-- Material provided follows --
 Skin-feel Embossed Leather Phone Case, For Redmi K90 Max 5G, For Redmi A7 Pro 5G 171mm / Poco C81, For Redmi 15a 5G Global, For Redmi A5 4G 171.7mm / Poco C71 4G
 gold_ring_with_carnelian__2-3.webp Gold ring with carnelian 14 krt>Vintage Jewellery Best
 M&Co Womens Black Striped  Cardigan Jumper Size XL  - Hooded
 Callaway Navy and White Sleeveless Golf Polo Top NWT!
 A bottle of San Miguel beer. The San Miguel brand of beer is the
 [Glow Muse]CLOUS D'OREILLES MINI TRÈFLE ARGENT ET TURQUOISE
-- Material provided concluded --
- Task prompt -
Set down exactly the lines that begin with the one containing "M&Co Womens Black" and end with the last line above, and no others.

- Task response -
 M&Co Womens Black Striped  Cardigan Jumper Size XL  - Hooded
 Callaway Navy and White Sleeveless Golf Polo Top NWT!
 A bottle of San Miguel beer. The San Miguel brand of beer is the
 [Glow Muse]CLOUS D'OREILLES MINI TRÈFLE ARGENT ET TURQUOISE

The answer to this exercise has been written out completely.